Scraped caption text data
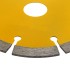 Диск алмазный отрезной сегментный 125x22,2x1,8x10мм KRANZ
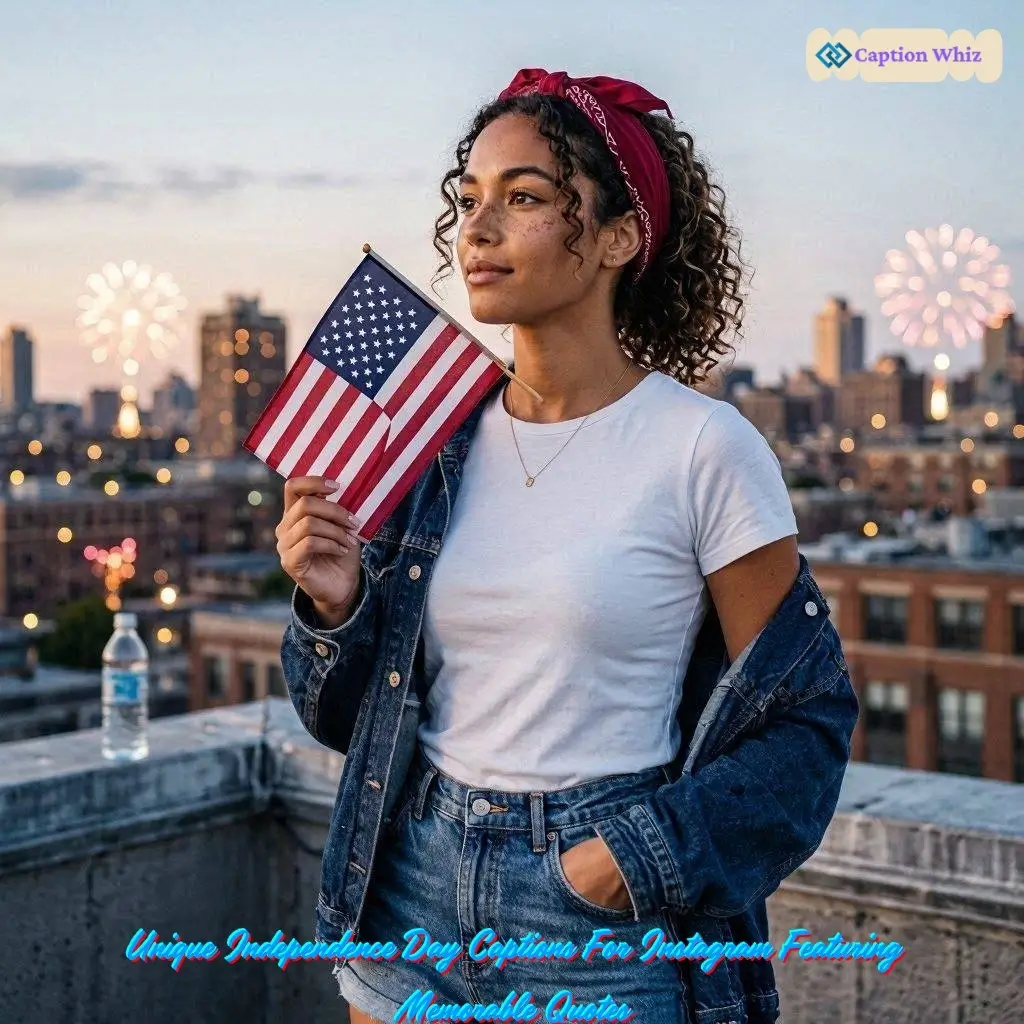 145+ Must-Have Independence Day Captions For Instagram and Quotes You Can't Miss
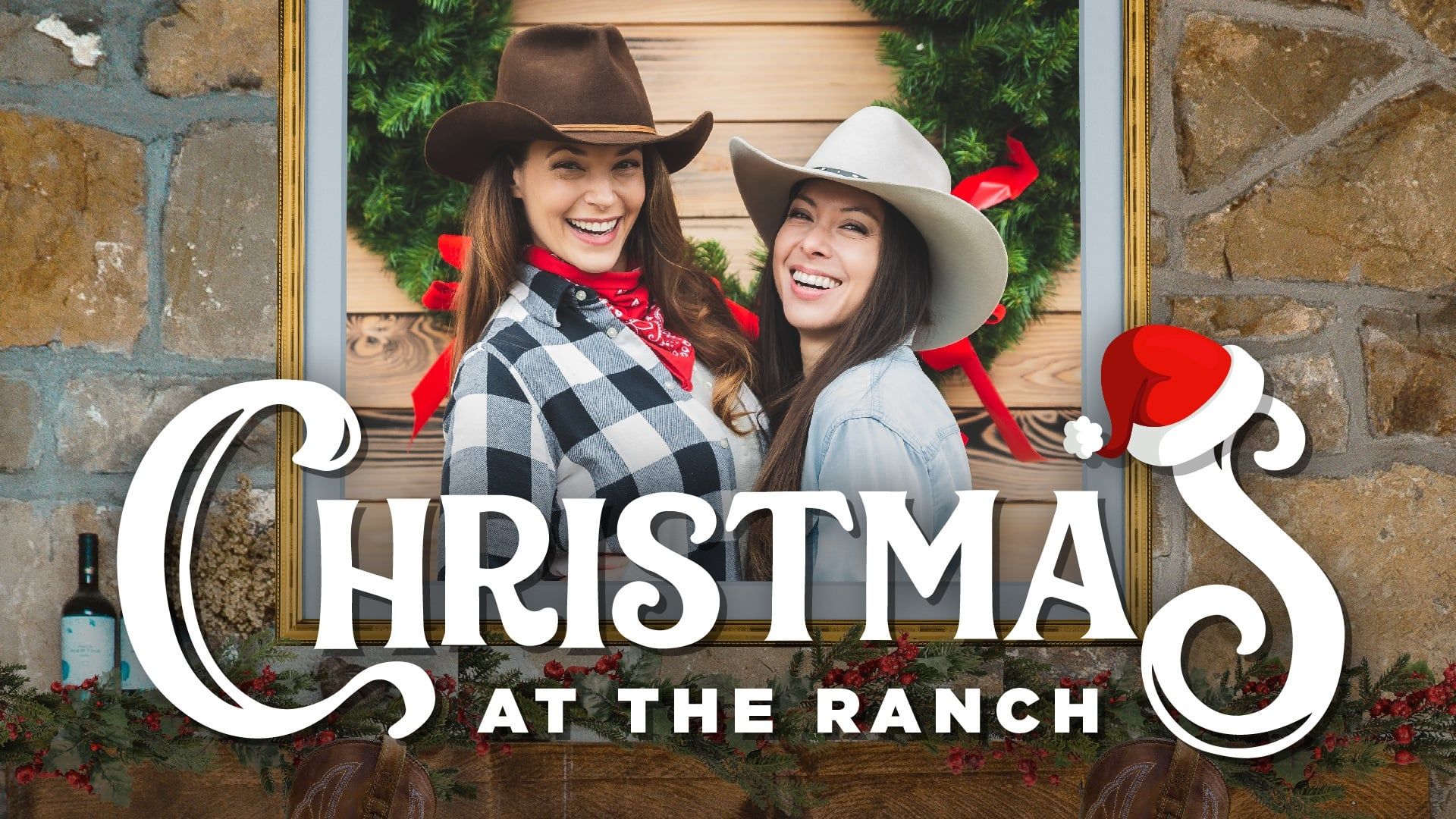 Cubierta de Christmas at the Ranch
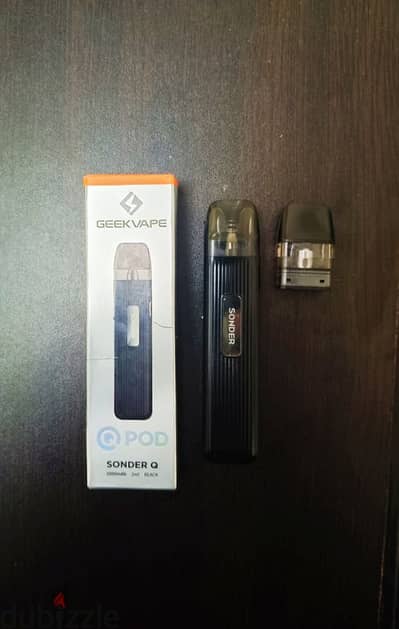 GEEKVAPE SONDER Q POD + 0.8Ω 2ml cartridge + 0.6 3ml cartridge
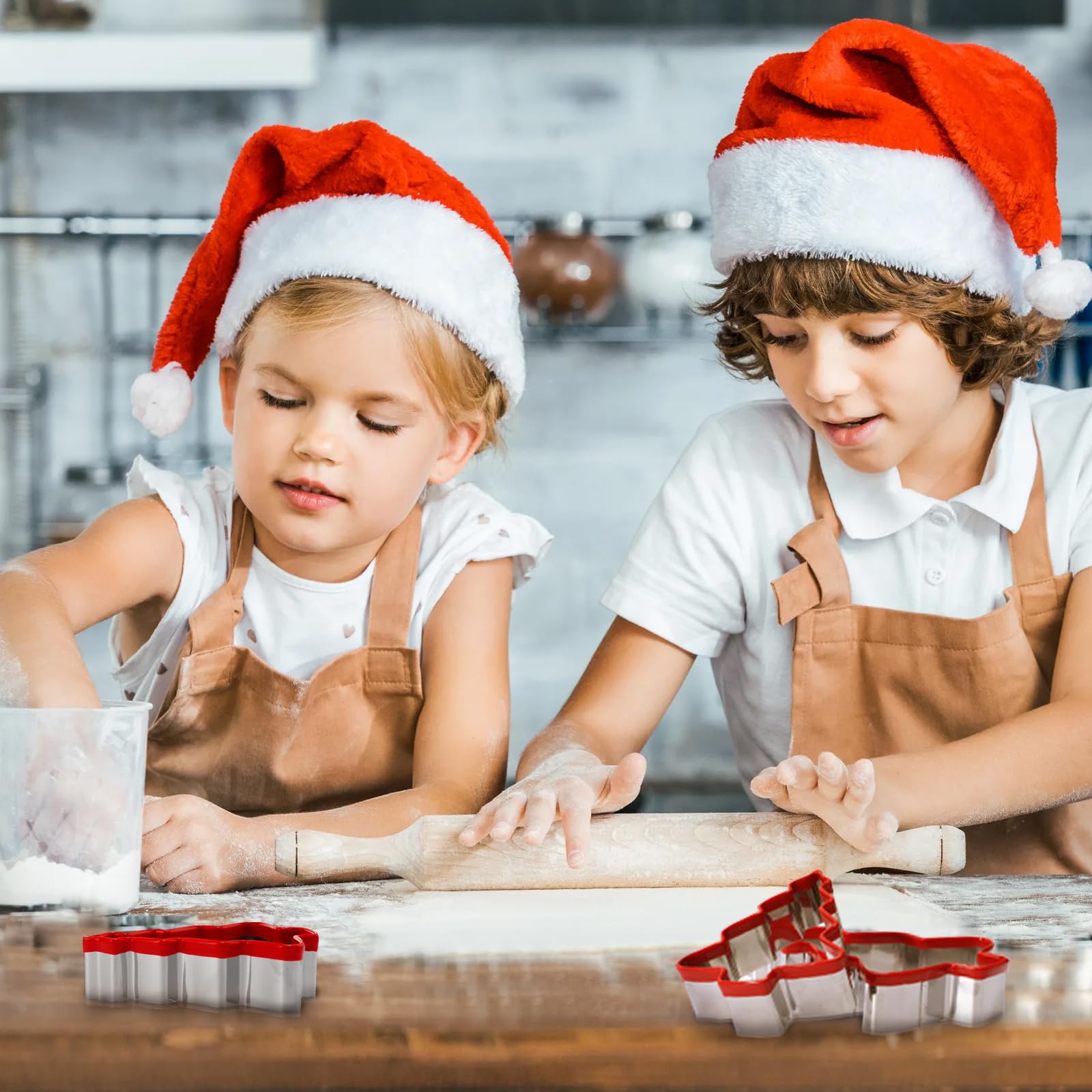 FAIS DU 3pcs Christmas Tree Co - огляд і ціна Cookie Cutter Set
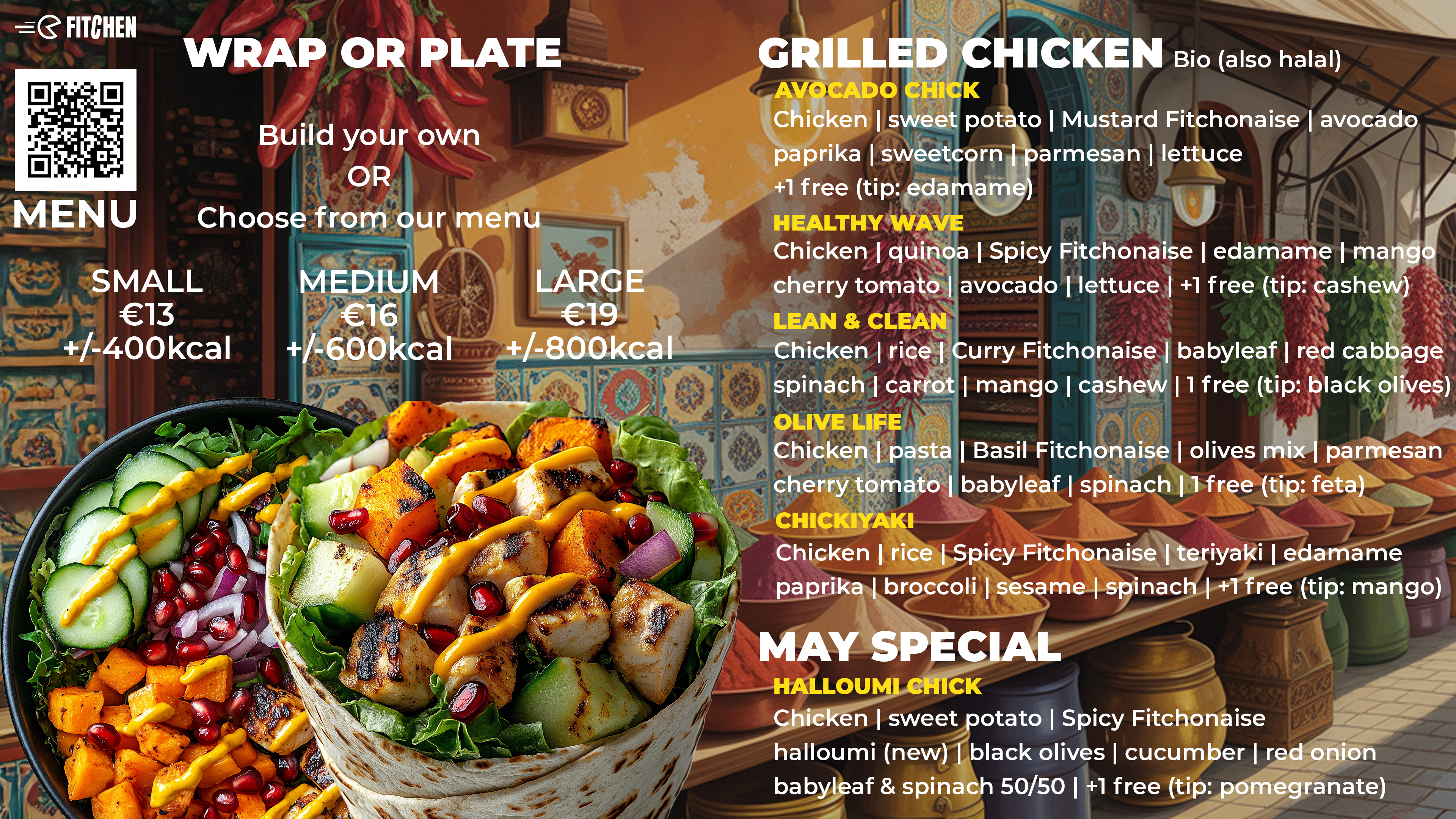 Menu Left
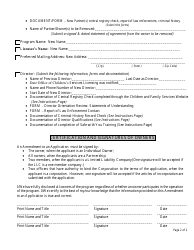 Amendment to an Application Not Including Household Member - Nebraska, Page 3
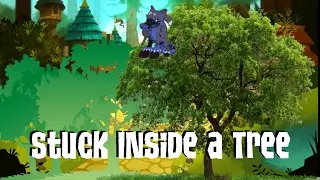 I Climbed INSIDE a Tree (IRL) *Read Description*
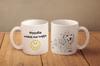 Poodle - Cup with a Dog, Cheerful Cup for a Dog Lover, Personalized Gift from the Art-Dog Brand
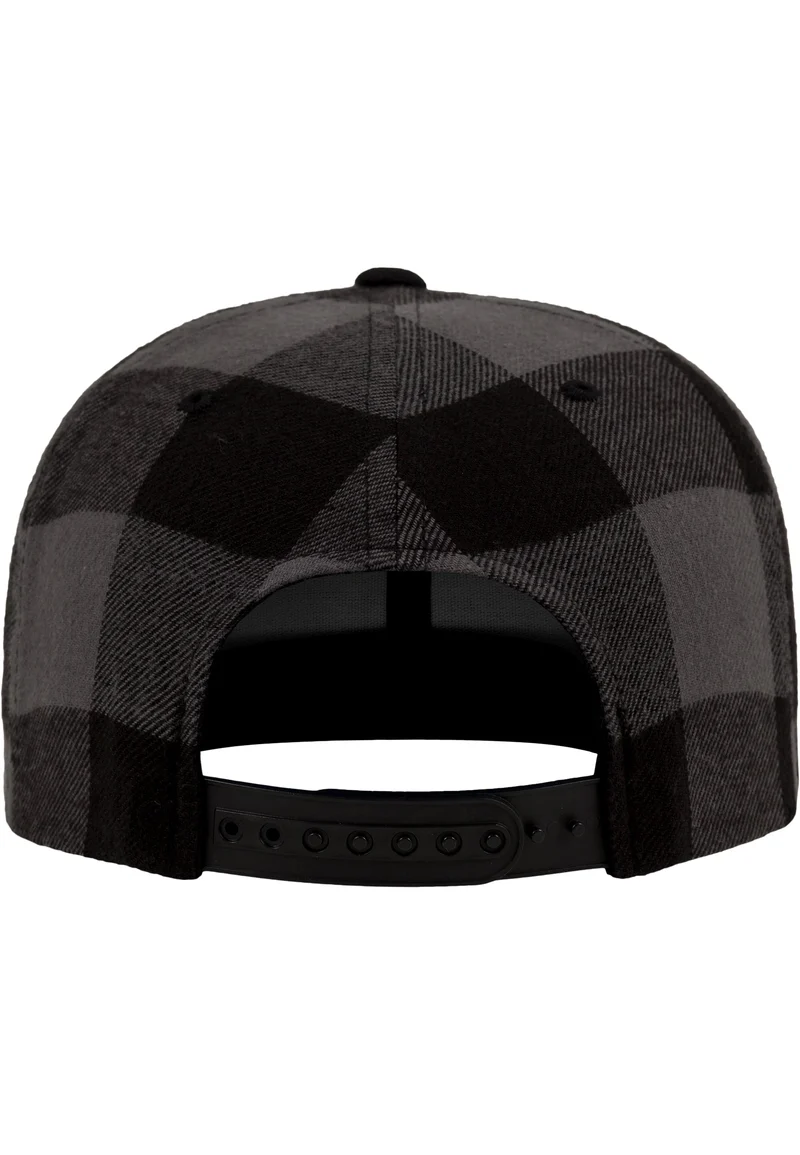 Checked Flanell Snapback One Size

- **REQUIRED ACTION**
Leave the pictures out and print the records above exactly as they stand.

- **YOUR SOLUTION**
 Диск алмазный отрезной сегментный 125x22,2x1,8x10мм KRANZ
 145+ Must-Have Independence Day Captions For Instagram and Quotes You Can't Miss
 Cubierta de Christmas at the Ranch
 GEEKVAPE SONDER Q POD + 0.8Ω 2ml cartridge + 0.6 3ml cartridge
 FAIS DU 3pcs Christmas Tree Co - огляд і ціна Cookie Cutter Set
 Menu Left
 Amendment to an Application Not Including Household Member - Nebraska, Page 3
 I Climbed INSIDE a Tree (IRL) *Read Description*
 Poodle - Cup with a Dog, Cheerful Cup for a Dog Lover, Personalized Gift from the Art-Dog Brand
 Checked Flanell Snapback One Size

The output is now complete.